## Questions to take into account:

### What is "data"?

You can go onto Wikipedia or read books to get an answer to this question, but most of those sources will give you a very pedantic, unintuitive definition. Instead, we're going to go with the colloquial definition of data as **"something whose value you care about”**. You won't find that in any formal treatment of the subject, but for now, it is good enough. Your name, age, and telephone number are data about you. Your bank savings, your address, and your parents' names are data that relate to you. We have data about everything, everywhere.
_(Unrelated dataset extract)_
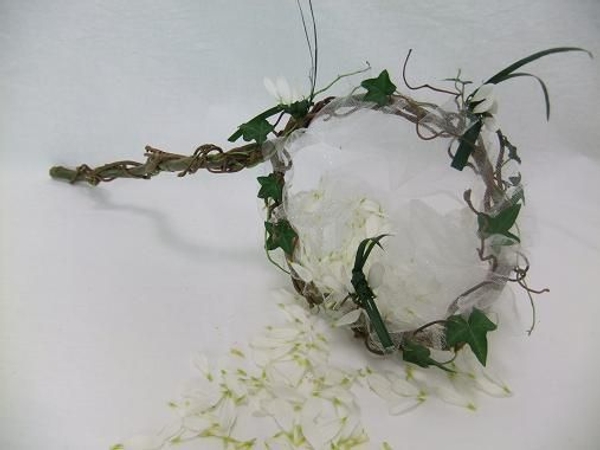 Willow and Hazel butterfly net for a flower girl. Willow and Hazel butterfly net for a flower girl.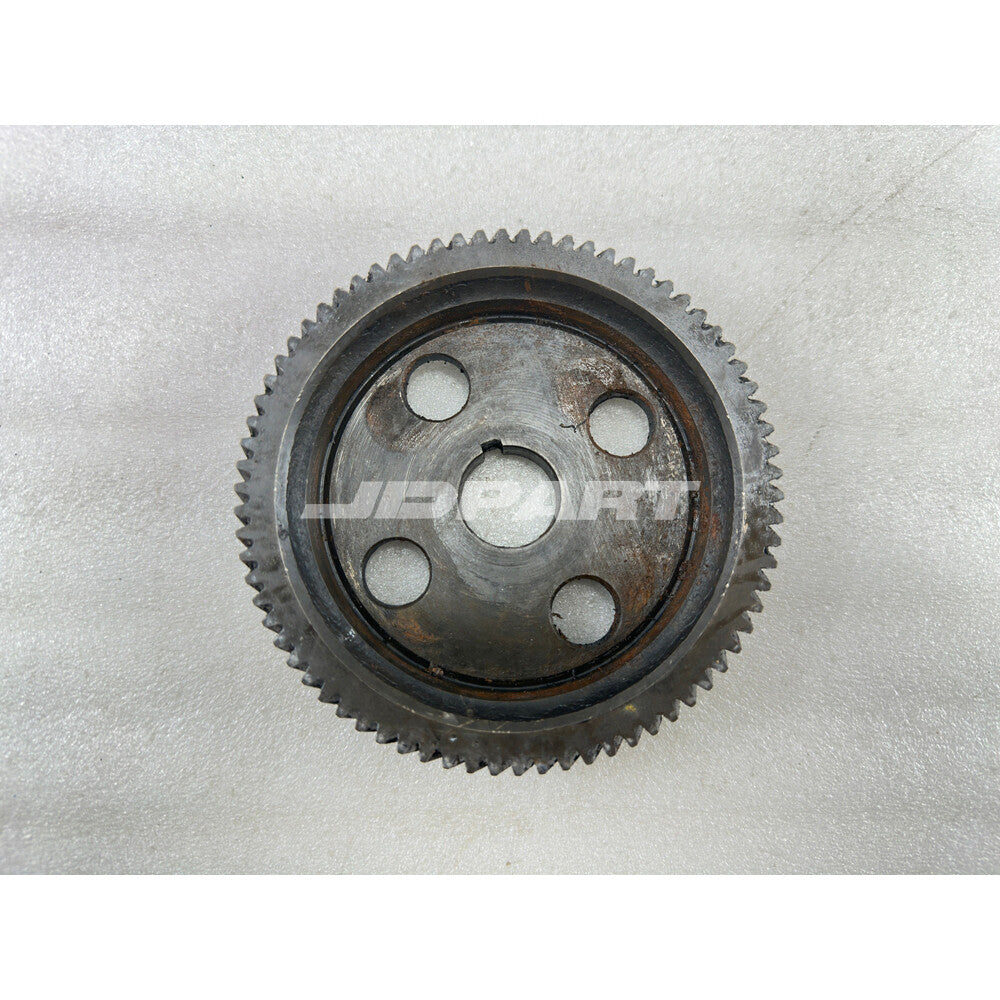 4LE1 shaft idler gear suitable for Isuzu diesel parts -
## What is data science? (10 mts)

Now that we know what data is, we can now ask: "What is data science?" Science, in the language of the scientific method, is:

1. Formulating hypotheses, or guesses about how the world works, based on observations of the world around us
2. Validating or invalidating those hypotheses by conducting experiments

Unlike the pure sciences though, working with data doesn't necessarily require conducting experiments (although it could!). Rather, many times the data has already been collected and organized by someone else. So the scientific method, as applied to data, can be summarized as: **"Formulating hypotheses based on the world around us, then analyzing relevant data to validate or invalidate our hypotheses."**

## What is machine learning?

However, choice (d) of Exercise 1, as well as examples 1 and 2 from the above list, do fall into the bucket of **machine learning**. What does this mean?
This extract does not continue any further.